## [Exercise inputs]

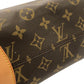 Louis Vuitton Wilshire Monogram Tote Bag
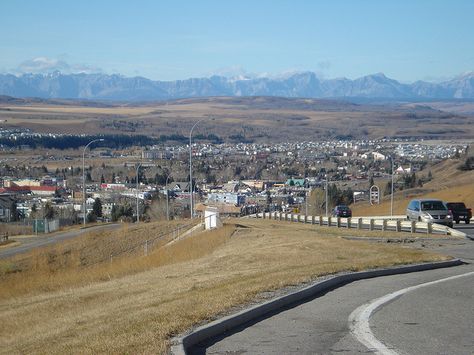 Cochrane Alberta, soon to be a suburb of Calgary! lol Alberta Canada Photography, Cochrane Alberta, Life Manifestation, Canada Photography, Manifestation Board, Alberta Canada, Dream Board, Amazing Places, Dream Destinations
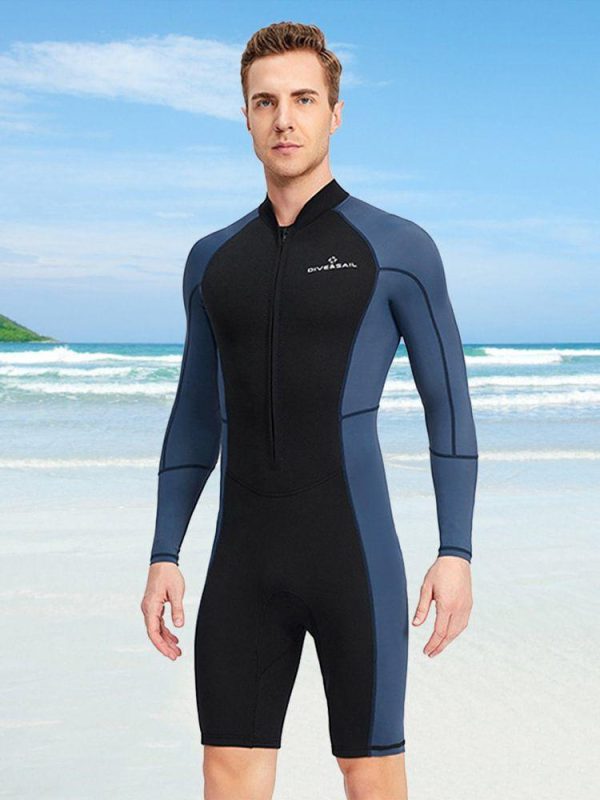 Diving |   Neoprene Diving Protection Clothes Anti-scratch Durable Outdoor Accessories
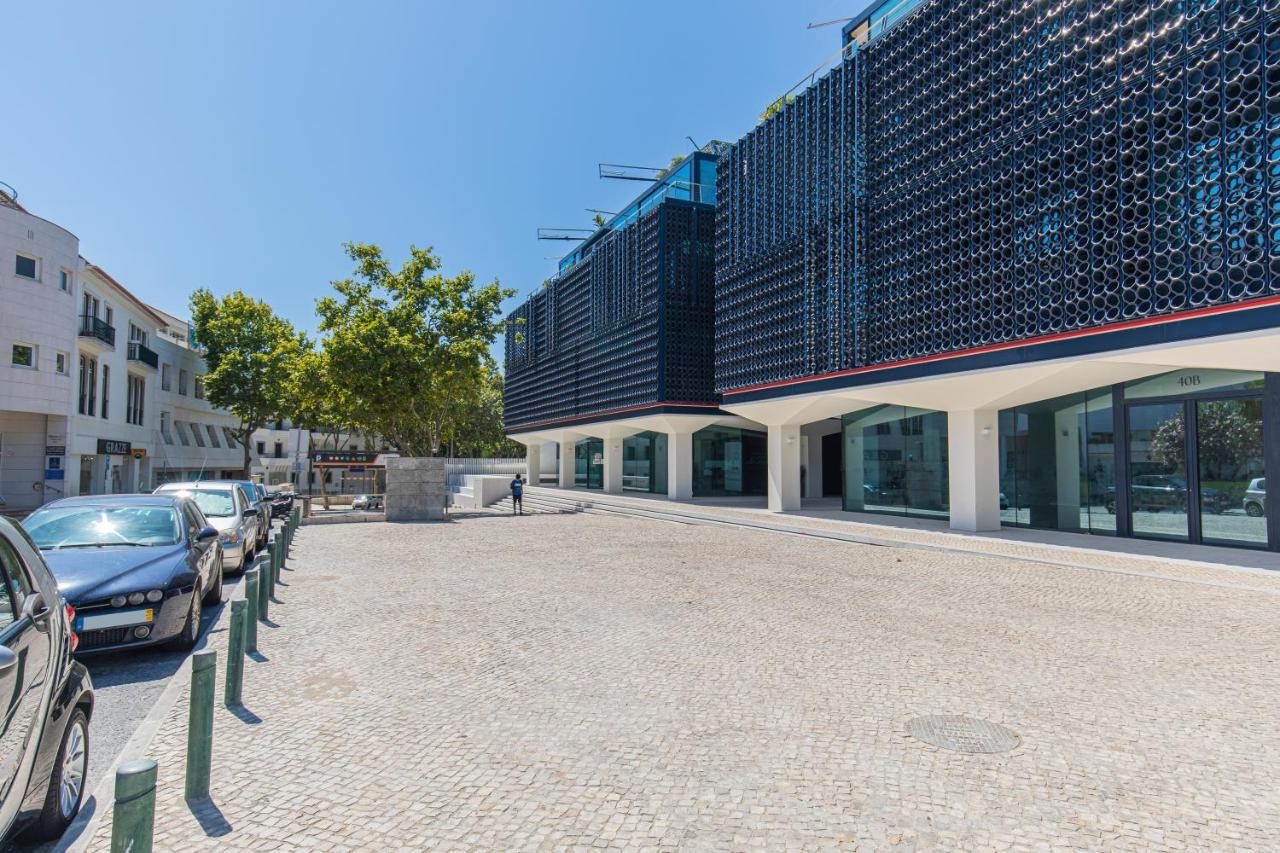 Apartamento New Luxury Building In The Heart Of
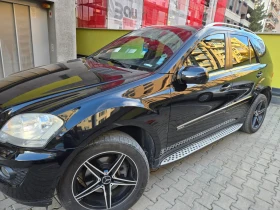 Mercedes-Benz ML 320, снимка 3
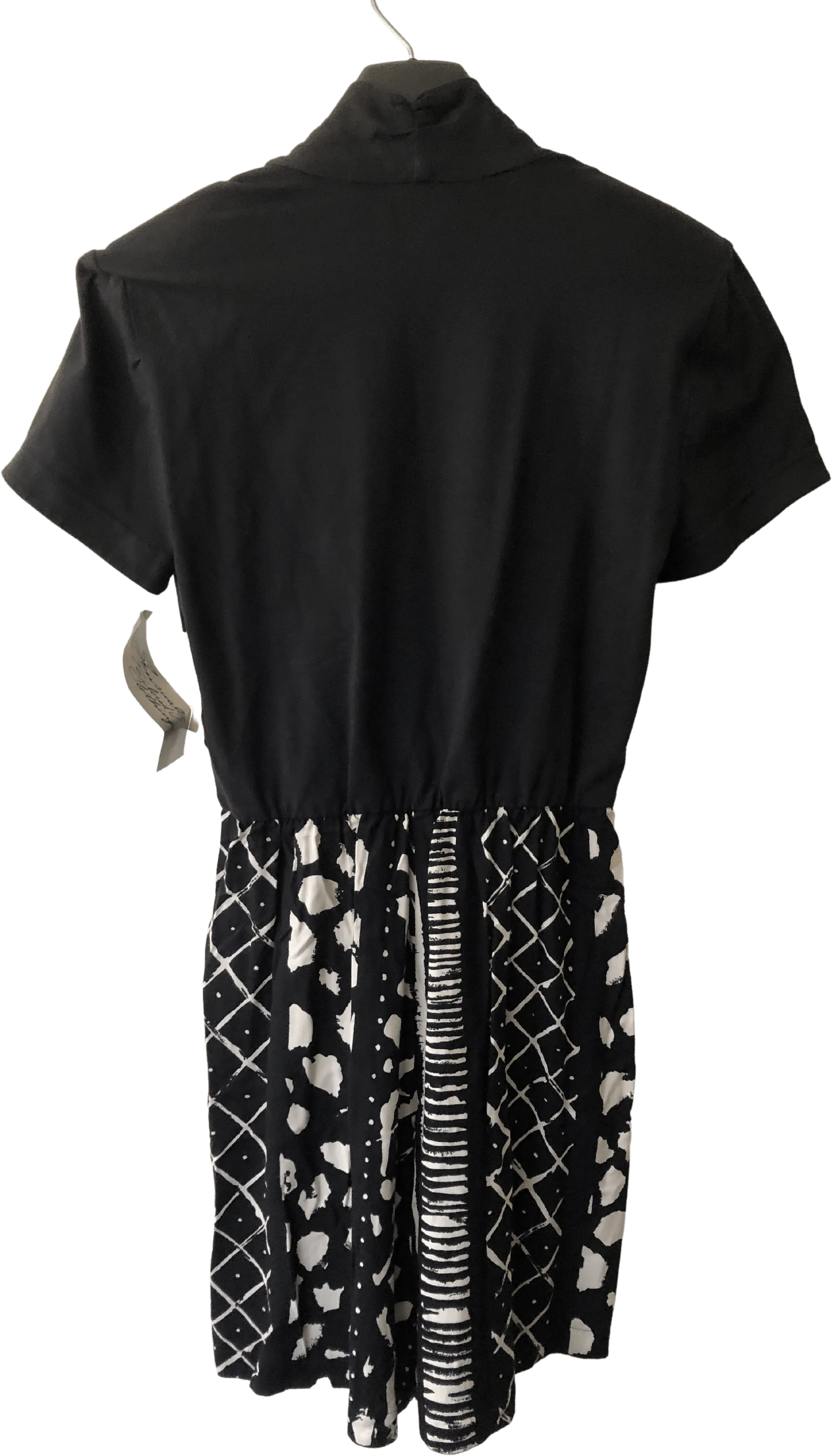 '80’s NWT Shorts Romper by Pg Collection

## [Problem description]
Word for word, write out each line of the records, but leave the pictures behind.

## [Exercise result]
 Louis Vuitton Wilshire Monogram Tote Bag
 Cochrane Alberta, soon to be a suburb of Calgary! lol Alberta Canada Photography, Cochrane Alberta, Life Manifestation, Canada Photography, Manifestation Board, Alberta Canada, Dream Board, Amazing Places, Dream Destinations
 Diving |   Neoprene Diving Protection Clothes Anti-scratch Durable Outdoor Accessories
 Apartamento New Luxury Building In The Heart Of
 Mercedes-Benz ML 320, снимка 3
 '80’s NWT Shorts Romper by Pg Collection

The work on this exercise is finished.